■ **WHAT IS EXPECTED**
Return the lines of the data below in which the string "file" occurs.

■ **MATERIAL SUPPLIED**
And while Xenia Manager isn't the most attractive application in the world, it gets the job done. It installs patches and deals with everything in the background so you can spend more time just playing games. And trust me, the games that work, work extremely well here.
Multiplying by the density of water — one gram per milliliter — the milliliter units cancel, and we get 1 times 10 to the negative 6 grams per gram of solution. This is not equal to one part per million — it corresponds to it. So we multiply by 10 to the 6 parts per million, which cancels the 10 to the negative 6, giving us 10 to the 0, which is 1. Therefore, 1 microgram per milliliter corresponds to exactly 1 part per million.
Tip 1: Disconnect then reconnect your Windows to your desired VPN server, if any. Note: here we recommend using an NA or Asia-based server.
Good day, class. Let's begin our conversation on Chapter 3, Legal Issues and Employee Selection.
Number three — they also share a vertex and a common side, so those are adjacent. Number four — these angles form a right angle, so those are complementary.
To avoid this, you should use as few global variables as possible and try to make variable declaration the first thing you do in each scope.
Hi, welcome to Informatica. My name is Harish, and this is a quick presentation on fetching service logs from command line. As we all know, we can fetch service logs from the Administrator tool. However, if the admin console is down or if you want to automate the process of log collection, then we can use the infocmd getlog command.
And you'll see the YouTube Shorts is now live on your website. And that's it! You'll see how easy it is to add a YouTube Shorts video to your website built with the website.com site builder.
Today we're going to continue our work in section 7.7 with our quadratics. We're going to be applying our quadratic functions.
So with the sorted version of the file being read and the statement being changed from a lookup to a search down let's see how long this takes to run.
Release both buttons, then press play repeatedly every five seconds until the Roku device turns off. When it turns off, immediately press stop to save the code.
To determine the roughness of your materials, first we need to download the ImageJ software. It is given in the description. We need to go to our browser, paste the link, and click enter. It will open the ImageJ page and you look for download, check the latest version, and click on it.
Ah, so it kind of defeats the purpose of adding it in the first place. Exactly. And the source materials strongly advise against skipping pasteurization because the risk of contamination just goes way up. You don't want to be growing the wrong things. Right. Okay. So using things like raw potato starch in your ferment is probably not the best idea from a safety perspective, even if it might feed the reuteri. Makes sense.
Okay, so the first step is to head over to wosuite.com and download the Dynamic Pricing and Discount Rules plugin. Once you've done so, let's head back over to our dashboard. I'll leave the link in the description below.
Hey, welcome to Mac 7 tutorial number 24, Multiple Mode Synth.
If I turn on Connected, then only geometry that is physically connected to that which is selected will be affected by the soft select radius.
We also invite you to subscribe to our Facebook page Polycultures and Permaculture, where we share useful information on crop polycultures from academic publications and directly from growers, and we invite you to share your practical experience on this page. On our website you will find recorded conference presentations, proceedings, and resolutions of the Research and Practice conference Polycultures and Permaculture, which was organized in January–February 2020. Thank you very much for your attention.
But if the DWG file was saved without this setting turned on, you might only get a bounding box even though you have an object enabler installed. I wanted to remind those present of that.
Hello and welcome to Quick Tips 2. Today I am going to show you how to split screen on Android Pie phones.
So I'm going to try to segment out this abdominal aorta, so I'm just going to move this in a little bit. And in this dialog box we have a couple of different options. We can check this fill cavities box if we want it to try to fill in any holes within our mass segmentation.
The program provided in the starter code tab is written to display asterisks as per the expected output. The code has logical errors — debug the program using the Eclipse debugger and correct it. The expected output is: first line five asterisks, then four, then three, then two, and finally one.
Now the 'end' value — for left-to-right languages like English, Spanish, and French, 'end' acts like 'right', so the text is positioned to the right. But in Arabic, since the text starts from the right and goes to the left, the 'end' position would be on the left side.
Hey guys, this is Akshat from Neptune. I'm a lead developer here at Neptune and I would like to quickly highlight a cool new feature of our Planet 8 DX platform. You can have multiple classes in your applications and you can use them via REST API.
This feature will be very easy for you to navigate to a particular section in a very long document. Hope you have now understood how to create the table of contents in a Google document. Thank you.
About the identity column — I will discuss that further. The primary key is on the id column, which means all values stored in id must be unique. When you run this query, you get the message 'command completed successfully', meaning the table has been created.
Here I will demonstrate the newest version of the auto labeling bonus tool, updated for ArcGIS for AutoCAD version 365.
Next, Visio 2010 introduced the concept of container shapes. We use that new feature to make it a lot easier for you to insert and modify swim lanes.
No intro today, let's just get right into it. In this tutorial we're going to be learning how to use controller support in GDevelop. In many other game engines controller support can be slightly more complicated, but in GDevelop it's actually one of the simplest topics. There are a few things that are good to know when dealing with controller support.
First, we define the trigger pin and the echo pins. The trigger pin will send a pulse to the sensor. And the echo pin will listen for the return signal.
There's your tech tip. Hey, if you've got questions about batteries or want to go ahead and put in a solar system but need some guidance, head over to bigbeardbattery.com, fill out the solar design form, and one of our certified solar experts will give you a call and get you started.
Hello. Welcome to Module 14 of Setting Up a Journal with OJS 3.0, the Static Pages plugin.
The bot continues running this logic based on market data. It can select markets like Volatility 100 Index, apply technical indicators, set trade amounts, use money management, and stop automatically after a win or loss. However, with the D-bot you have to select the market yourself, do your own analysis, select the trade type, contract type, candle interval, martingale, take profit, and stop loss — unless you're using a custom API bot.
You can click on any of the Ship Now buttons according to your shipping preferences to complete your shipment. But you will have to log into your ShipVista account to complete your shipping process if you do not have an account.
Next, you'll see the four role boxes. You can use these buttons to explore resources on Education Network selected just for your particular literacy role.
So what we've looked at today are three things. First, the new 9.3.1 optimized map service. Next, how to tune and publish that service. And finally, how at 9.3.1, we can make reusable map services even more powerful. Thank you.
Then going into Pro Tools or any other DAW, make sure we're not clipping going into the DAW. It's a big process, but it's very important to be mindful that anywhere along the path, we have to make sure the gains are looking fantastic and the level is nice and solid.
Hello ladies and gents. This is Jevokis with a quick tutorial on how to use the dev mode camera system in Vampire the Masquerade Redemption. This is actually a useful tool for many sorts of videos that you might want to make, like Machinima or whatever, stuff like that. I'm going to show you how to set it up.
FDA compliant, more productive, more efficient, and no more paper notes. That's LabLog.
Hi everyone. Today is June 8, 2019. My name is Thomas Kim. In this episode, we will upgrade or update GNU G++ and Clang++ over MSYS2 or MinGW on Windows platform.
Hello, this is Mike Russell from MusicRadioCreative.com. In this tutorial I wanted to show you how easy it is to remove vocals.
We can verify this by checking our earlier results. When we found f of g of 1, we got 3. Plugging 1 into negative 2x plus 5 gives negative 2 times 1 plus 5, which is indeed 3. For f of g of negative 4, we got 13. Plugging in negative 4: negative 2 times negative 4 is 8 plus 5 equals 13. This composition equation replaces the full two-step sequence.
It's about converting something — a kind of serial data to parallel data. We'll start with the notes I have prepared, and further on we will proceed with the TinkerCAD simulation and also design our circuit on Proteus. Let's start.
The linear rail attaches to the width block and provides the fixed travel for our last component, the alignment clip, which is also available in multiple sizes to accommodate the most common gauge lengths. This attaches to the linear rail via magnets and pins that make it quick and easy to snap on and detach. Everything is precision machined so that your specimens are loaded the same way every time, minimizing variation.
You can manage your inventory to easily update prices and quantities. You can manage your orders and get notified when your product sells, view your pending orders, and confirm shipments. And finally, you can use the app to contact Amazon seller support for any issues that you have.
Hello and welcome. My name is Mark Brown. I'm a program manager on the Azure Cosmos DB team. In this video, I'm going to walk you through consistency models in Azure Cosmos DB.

■ **RESULT OF THIS TASK**
So with the sorted version of the file being read and the statement being changed from a lookup to a search down let's see how long this takes to run.
But if the DWG file was saved without this setting turned on, you might only get a bounding box even though you have an object enabler installed. I wanted to remind those present of that.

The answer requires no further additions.